When it comes to the Privilege in the public sector, the first question to grapple with is determining who the client is in a given situation. This is especially important when it comes to issues of waiver and court decisions reach different conclusions. Perhaps the greatest future challenge for the application of the Privilege to the public sector lies in the increasing tendency to articulate the Privilege as a quasi- or full constitutional right because generally governments do not have Charter rights. A further challenge comes from the Open Government movement where access to information and government watchdogs frequently clash with the Privilege. Court decisions have protected the Privilege in various administrative settings, limiting the powers of administrative officials and adjudicators to access or adjudicate Privilege claims. There is growing concern about the negative impact that this could have on administrative proceedings.

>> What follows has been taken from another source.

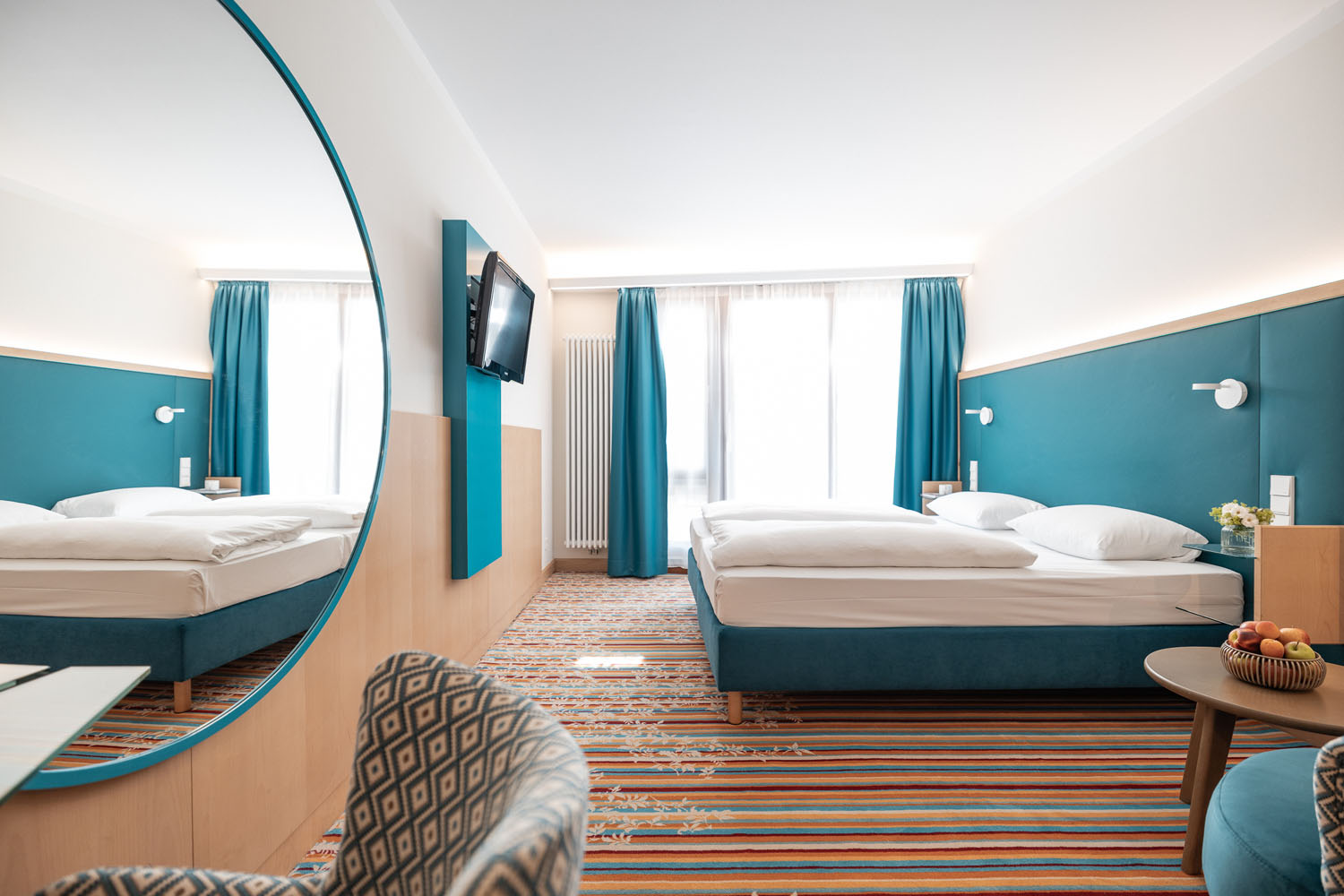 Modernes Hotelzimmer mit blau-weißer Einrichtung, einem Doppelbett, einem gestreiften Teppich, einem an der Wand montierten Fernseher, einem großen runden Spiegel, einem Sessel und einem kleinen Tisch mit einem Obstkorb, alles gut beleuchtet durch das natürliche Licht, das durch das Fenster fällt.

The last section of the discussion paper addresses current challenges and opportunities for the CBA regarding the Privilege. Other professionals have and will continue to seek a class privilege
like Solicitor-Client Privilege. The CBA will have to consider what its position should be on whether
Solicitor-Client Privilege should extend to paralegals or to other professionals providing legal
advice such as immigration consultants. There are also patent agents and tax accountants who seek
analogous privilege. The common law in Canada has been reticent to recognize privilege for these
other professionals. This approach contrasts with a more inclusive approach under the doctrine of
professional secrecy in Quebec and under legislation in other countries.
Technological changes are likely to challenge how we think about the Privilege more over the next decade than they have over the last several. The touchstone of the Privilege is confidentiality and technological changes have brought unparalleled access and connectivity at the cost of confidentiality. Communications over the internet may provide a false sense of confidentiality where none exists. A fundamental question that we as a profession have to face is whether the doctrine of the Privilege will adapt to new circumstances or whether lawyers’ behaviours will have to adapt to deal with the strict rules of the Privilege.
Finally, as the practice of law changes, it will bring new challenges for the Privilege. It is
not clear how outsourcing and many of the changes predicted by legal futurist and CBA Special
Advisor Richard Susskind will impact the Privilege. But we need to start thinking about them.